Not only is LISS cardio extremely beneficial to your health, it’s easy to do–so it’s great for beginners.  Since LISS cardio doesn’t put very much strain on your body because you’re exercising at a low intensity, it can be done multiple times per week. Steady state cardio is effective for weight loss as long as you are reaching a high enough intensity and are including other forms of exercise throughout the week. If your goal is weight loss and you are exercising at moderate-to-vigorous intensity, Nields recommends exercising three to five times a week.

LISS cardio can be done while taking your dog for a brisk walk in the park, or watching an episode of “Friends” while climbing the stair stepper. There aren’t many types of exercises that can be described as relaxing, but the low intensity of LISS (compared to HIIT) makes it quite enjoyable–that is, unless you’re choosing to study for midterms while you walk on the treadmill.

It can be done during recovery

Because LISS is so low impact, it’s a great way to still fit in some exercise when you’re sore from weight training or HIIT. LISS increases blood flow, which speeds up damaged-muscle recovery. Similarly, it reduces post-workout stiffness and soreness because the increased blood flow helps remove chemical irritants responsible for pain.

It’s easy on joints and preexisting injuries

LISS cardio is especially effective for people with preexisting injuries or joint pain because it’s low impact. LISS is done at a cruising pace and does not require you to put too much strain on your muscles. People with preexisting injuries who are unable to perform high intensity exercises can still maintain cardiovascular health doing lower intensity cardio.

The disadvantages of LISS cardio are the same for any singular type of exercise, Burde says. Eventually, a person can plateau in a single modality and feel bored if there isn’t enough variety in his or her routine. That’s why it’s important to vary your routine, she says. LISS, particularly, can become monotonous because it takes longer than most other workouts. However, LISS cardio can be done in a variety of ways so it’s very easy to switch things up.

“As an individual progresses and improves their cardiorespiratory fitness, the most effective training programs include variety,” Nields says. “It is important to do steady-state cardio as well as interval training throughout the week.”

LISS cardio workouts can include: slow jogging, power walking, incline walking, cycling, rowing, moderate hiking, moderate swimming, stair stepper machines and elliptical machines. As long as you’re exercising at 60 to 80 percent of your maximum heart rate continuously for at least  30 to 45 minutes, you are getting a great LISS cardio workout. 

Cardio is a crucial part to reaching weight loss and overall fitness goals.
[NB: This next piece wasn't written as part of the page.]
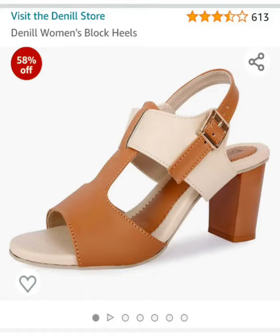Hello everyone, today I have a women's block heels that I purchased from Amazon. I am going to give it a review. There were two colors, orange and brown. I wanted some brown colors. The heels measurement was 2.7 something, but it was not proper 3 inch heels.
Rachel Mennis, a 23-year-old preschool teacher and soon-to-be nursing student, has been doing a rigorous workout routine for about nine months. She started with mostly resistance training but says she didn’t see major results until six weeks later when she began supplementing her workouts with cardio exercises. 

“Once I started adding LISS and HIIT, my results got real and so did my confidence,” she says.
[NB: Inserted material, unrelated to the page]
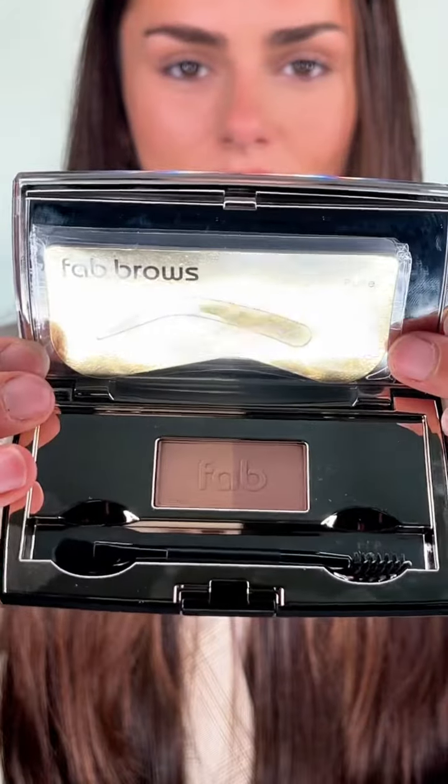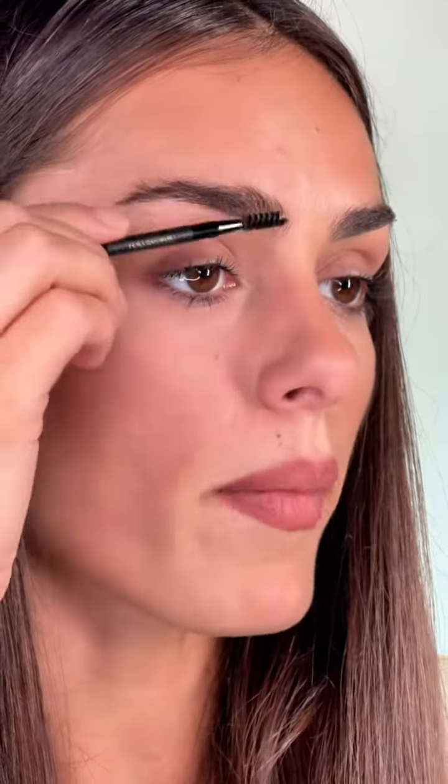Two steps I use to style my eyebrows using the Bow Brow duo kit and the Bow Brow twizzers. First step is combing my eyebrow hair towards the desired direction using my brush from the duo kit.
For her LISS workouts, Mennis walks on the treadmill at a 3.5 speed setting and a 15 percent incline for 35 to 40 minutes. 
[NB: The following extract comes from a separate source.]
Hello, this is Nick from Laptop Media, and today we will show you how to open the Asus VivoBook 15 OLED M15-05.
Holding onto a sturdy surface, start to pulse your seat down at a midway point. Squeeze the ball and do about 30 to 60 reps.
“I sweat like crazy!” she says. “It’s a nice way of working out, especially when you want to clear your head.” 

She also spent some time jogging as part of her LISS workouts, and says it helped her train for her first half marathon.

Low intensity steady state cardio not only helps you see real results from working out, but it can prevent diseases and improve your cardiovascular health and quality of life. The key to exercising efficiently is finding what works best for your fitness goals, and varying your routines to avoid boredom and enjoy your workouts. 

“Keep trying and pushing,” Mennis says. “Once you see results, it’s addicting and it doesn’t get easier–you get stronger.”